◆ Task item
Without changing a word, copy every line of the listing below and leave out the images.

◆ Data shown
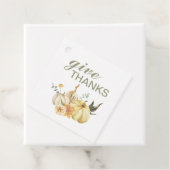 Geef Bedankt Waterverf Pumpkin Bedankjes Labels (In situ)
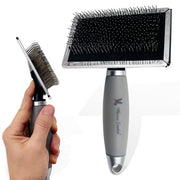 Warren London Gel-Handle Slicker Brush Pet Combs & Brushes White Smoke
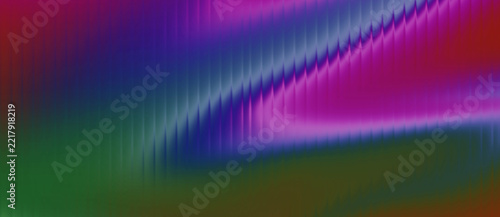 Abstract fluted glass background blending green blue olive purple, orange, and gray tones, with elegant vertical grooves and a sleek futuristic digital aesthetic.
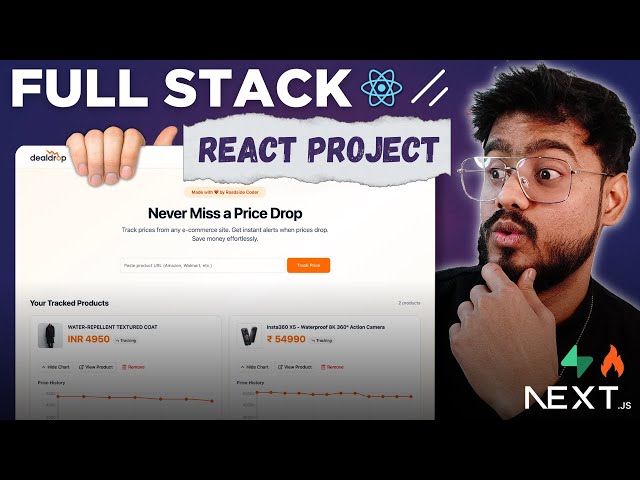 Full Stack React Project ( Price Tracker Platform ) - Next JS, Supabase, Firecrawl, Shadcn 🔥🔥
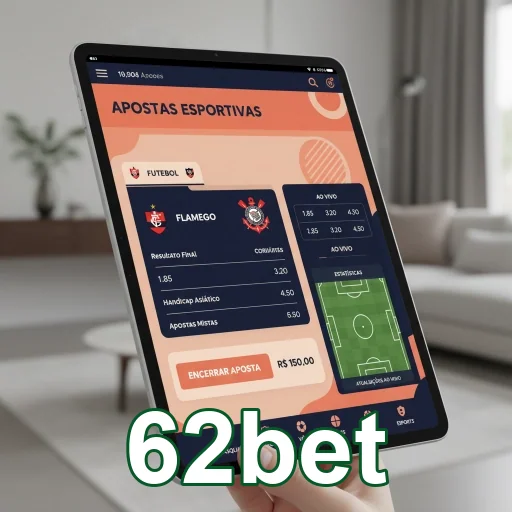 Ilustração de Experimente jogos online rápidos com a 62bet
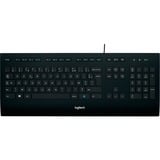 Logitech Comfort Keyboard K280e, clavier Noir, Layout l’UE (QWERTY), Rubberdome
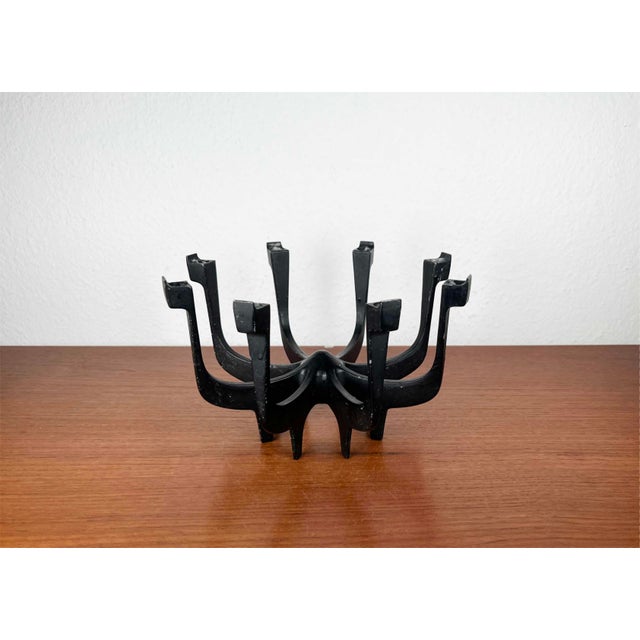 Mid-Century Modern Danish Metal Candleholder in Metal by Gunnar Cyren for Dansk Designs Denmark, 1960s For Sale - Image 9 of 18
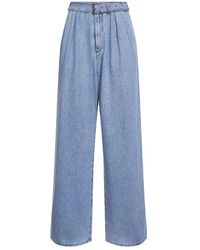 Dries Van Noten - Jeans ,Blauw ,Katoen High-Rise Wide Jeans - Lyst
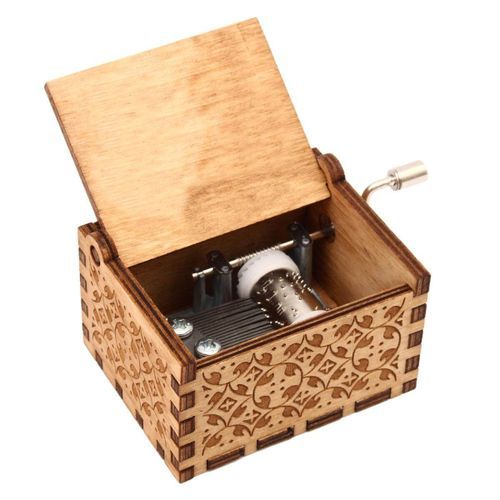 Hand Crank Collectible Music Box Engraved Wooden Theme Toys Birthday Craft Gifts#Game Of Throne Game Of Rights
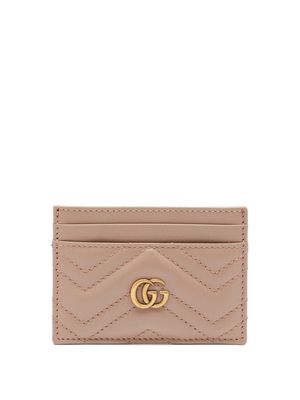 Gucci - GG Marmont Leather Cardholder - Womens - Nude
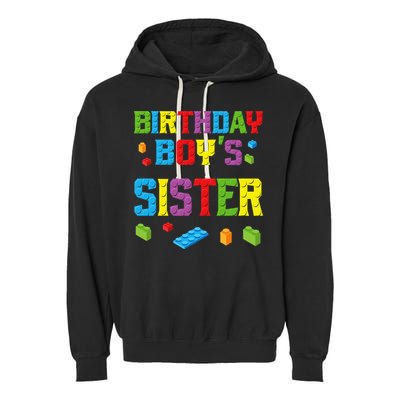 Master Builder Birthday Sister Building Bricks Blocks Garment-Dyed Fleece Hoodie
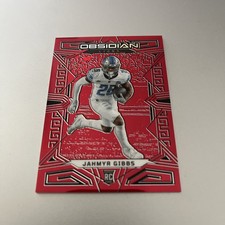 2023 Panini Obsidian - Jahmyr Gibbs #128 Electric Etch Red Flood /90 (RC) picture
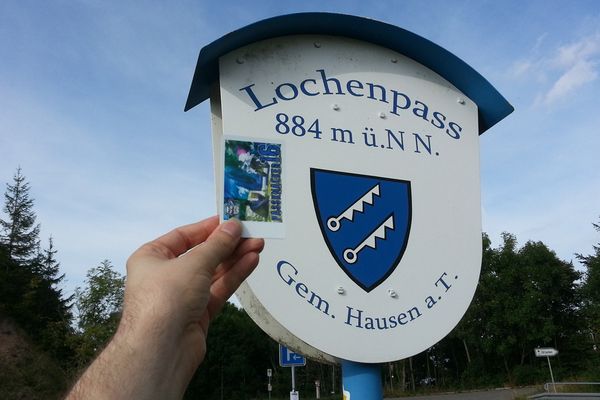 Detail am Nachweispunkt »Lochenpass«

◆ Exercise result
 Geef Bedankt Waterverf Pumpkin Bedankjes Labels (In situ)
 Warren London Gel-Handle Slicker Brush Pet Combs & Brushes White Smoke
 Abstract fluted glass background blending green blue olive purple, orange, and gray tones, with elegant vertical grooves and a sleek futuristic digital aesthetic.
 Full Stack React Project ( Price Tracker Platform ) - Next JS, Supabase, Firecrawl, Shadcn 🔥🔥
 Ilustração de Experimente jogos online rápidos com a 62bet
 Logitech Comfort Keyboard K280e, clavier Noir, Layout l’UE (QWERTY), Rubberdome
 Mid-Century Modern Danish Metal Candleholder in Metal by Gunnar Cyren for Dansk Designs Denmark, 1960s For Sale - Image 9 of 18
 Dries Van Noten - Jeans ,Blauw ,Katoen High-Rise Wide Jeans - Lyst
 Hand Crank Collectible Music Box Engraved Wooden Theme Toys Birthday Craft Gifts#Game Of Throne Game Of Rights
 Gucci - GG Marmont Leather Cardholder - Womens - Nude
 Master Builder Birthday Sister Building Bricks Blocks Garment-Dyed Fleece Hoodie
 2023 Panini Obsidian - Jahmyr Gibbs #128 Electric Etch Red Flood /90 (RC) picture
 Detail am Nachweispunkt »Lochenpass«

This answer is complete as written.